> [Material provided]:
------------------------------------

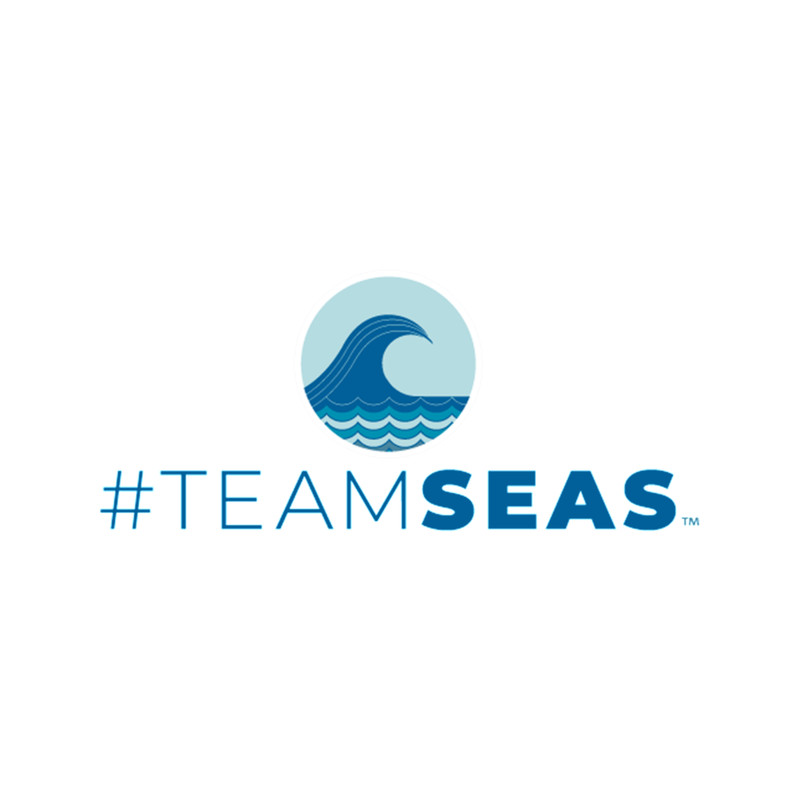 Team Seas Official Logo. .png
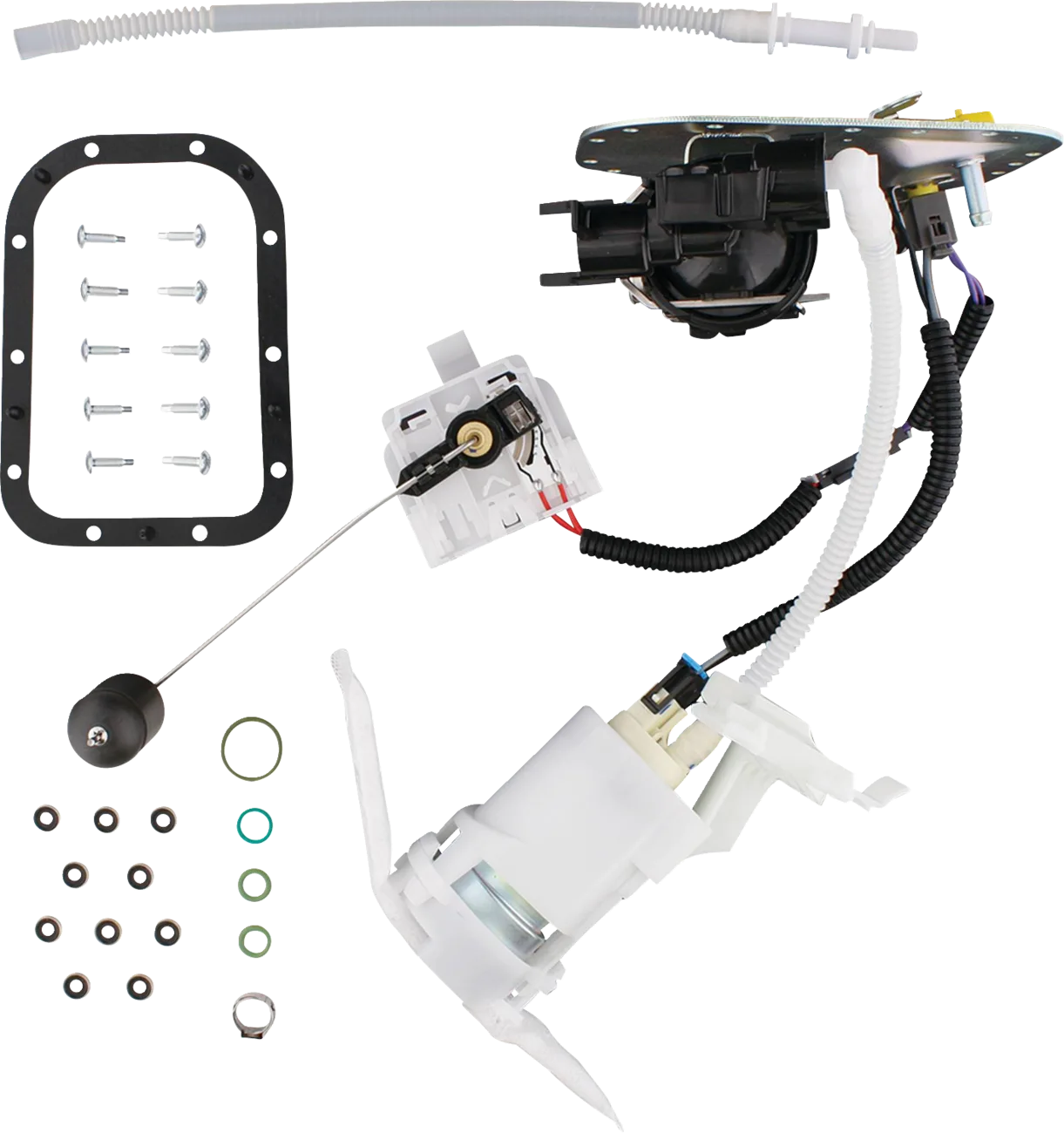 Fuel Pump Module Assembly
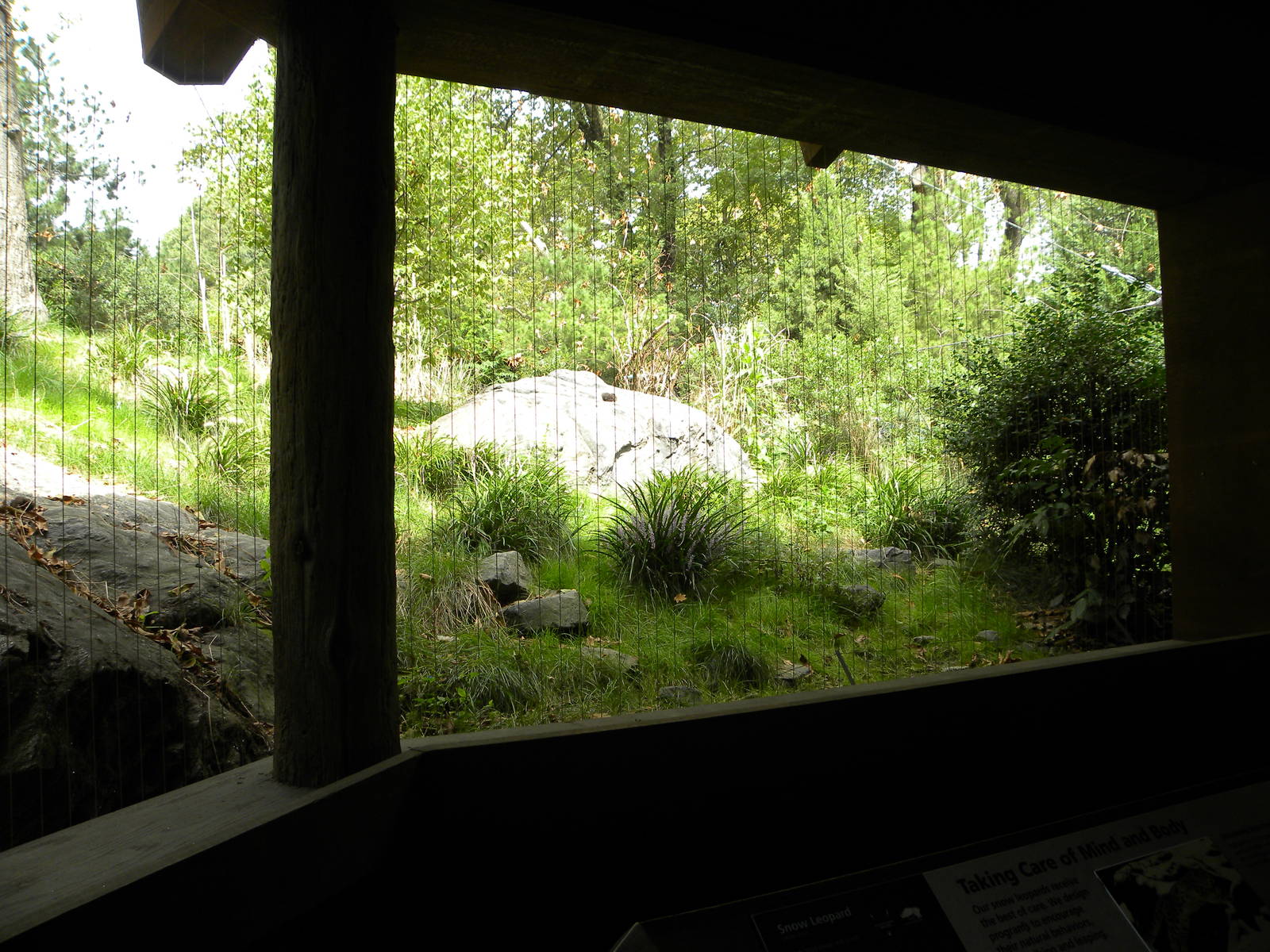 Snow Leopard Exhibit #2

------------------------------------

> [What you are asked to do]: Reproduce word for word only the lines between the line containing "Fuel Pump Module Assembly" and the end of the listing above, both included, and drop any pictures.

> [Solution to the problem]:
 Fuel Pump Module Assembly
 Snow Leopard Exhibit #2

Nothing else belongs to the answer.